Exactly retype the lines below from the one containing "Ảnh Anime Boy" through the end of the listing. Leave pictures out.

Provided records:

=== Begin Enclosure ===

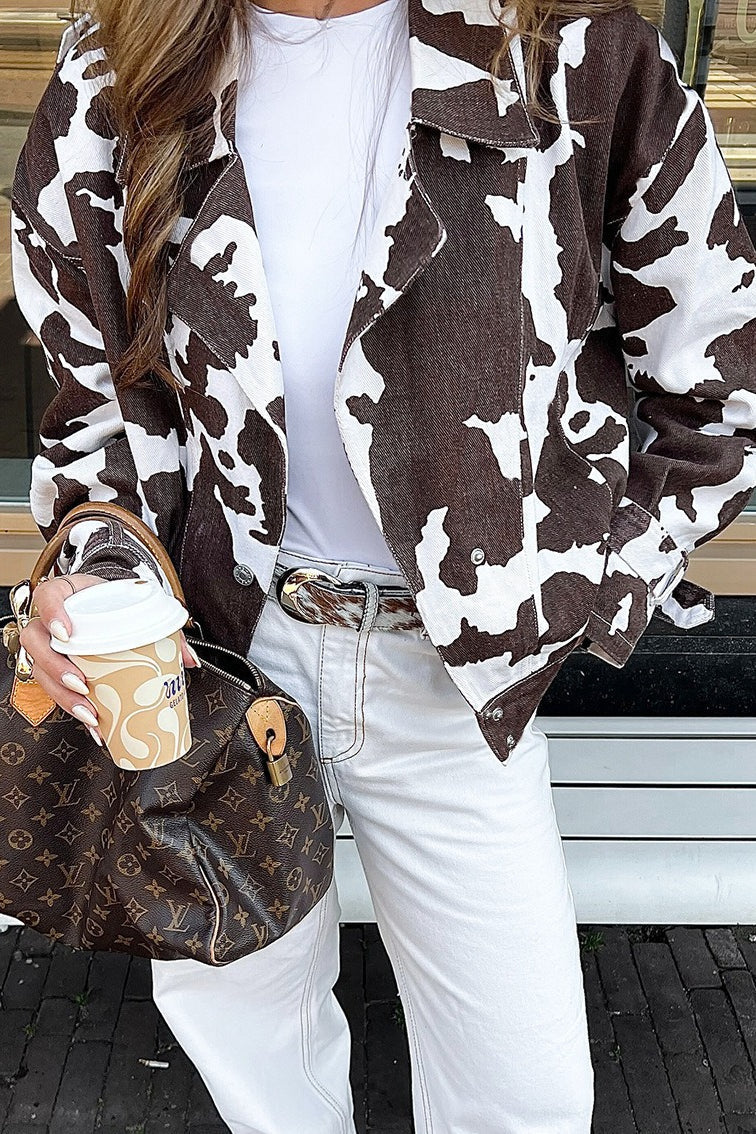 Vintage-Inspired Printed Polyester Coat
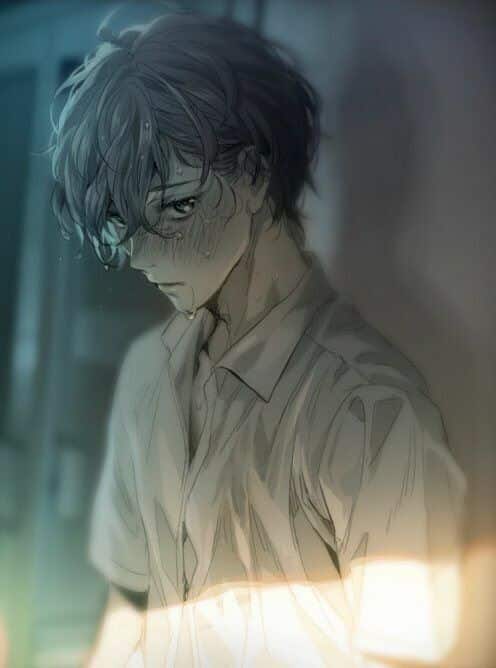 Ảnh Anime Boy Bùi ngùi khóc đong giàn giụa nước mắt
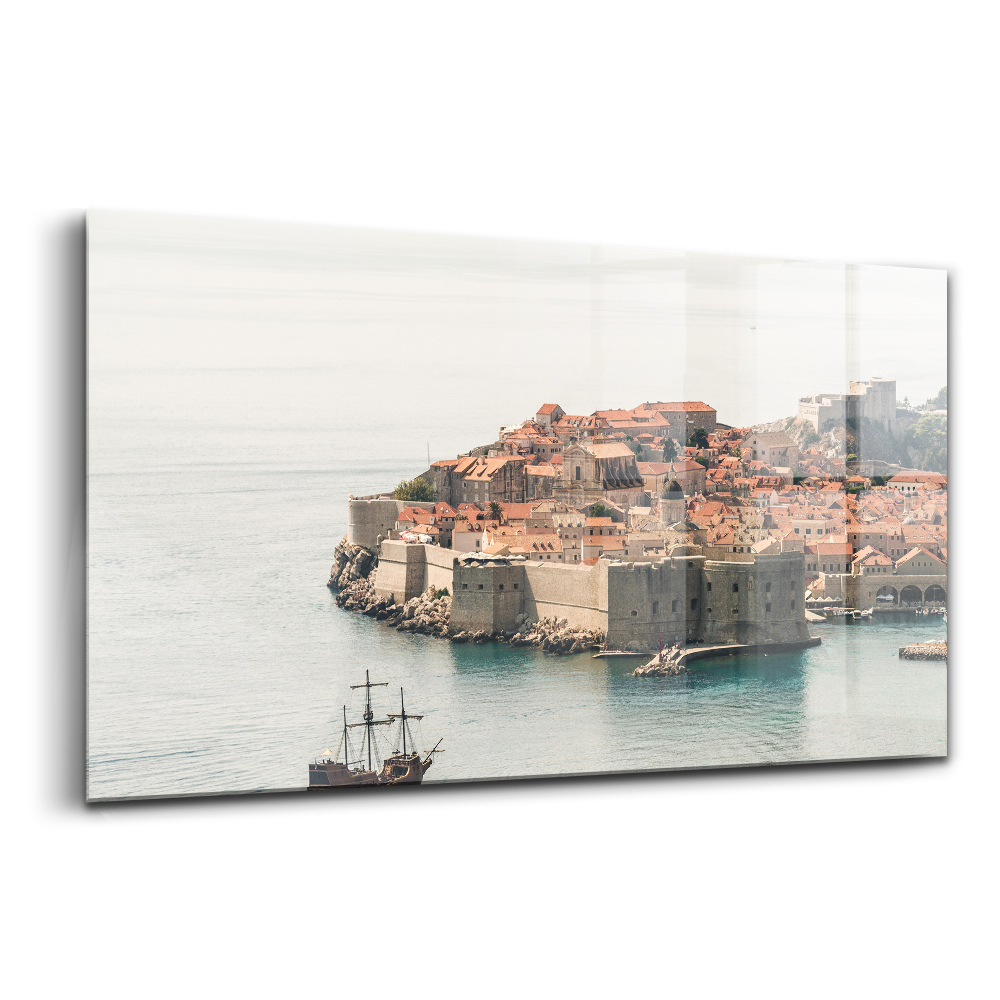 Tablou de sticlă Navă cu pânze în Dubrovnik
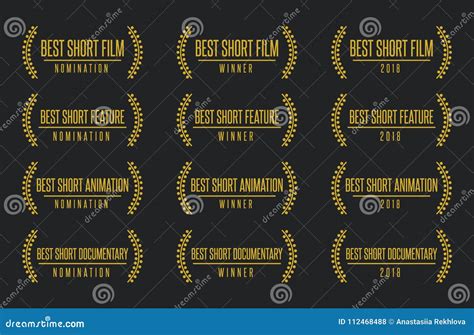 Best Short Movie Award Winner Logo Set Stock Vector - Illustration of ...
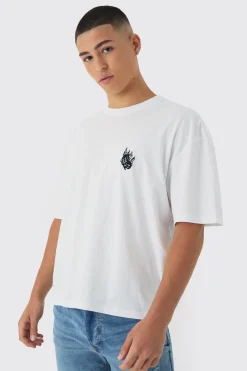 Boxy Butterfly Embroidery T-shirt | BoohooMAN UK
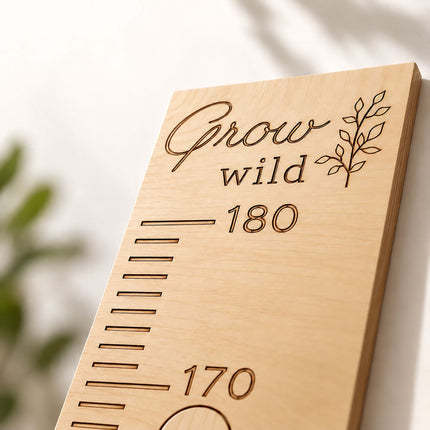 Children's Wooden Height Chart 50 to 180 cm, Puzzle Pieces, Pine, Natural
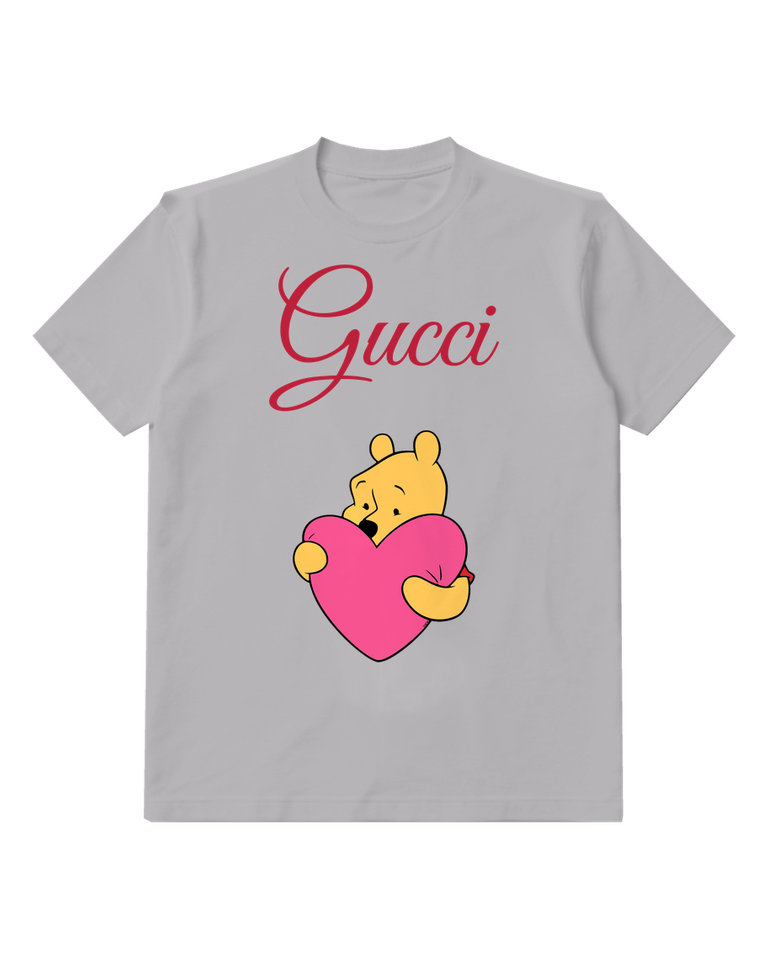 Light Gray Bear Giant Pink Heart Graphic T-Shirt - front product view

=== End Enclosure ===

Task response:
 Ảnh Anime Boy Bùi ngùi khóc đong giàn giụa nước mắt
 Tablou de sticlă Navă cu pânze în Dubrovnik
 Best Short Movie Award Winner Logo Set Stock Vector - Illustration of ...
 Boxy Butterfly Embroidery T-shirt | BoohooMAN UK
 Children's Wooden Height Chart 50 to 180 cm, Puzzle Pieces, Pine, Natural
 Light Gray Bear Giant Pink Heart Graphic T-Shirt - front product view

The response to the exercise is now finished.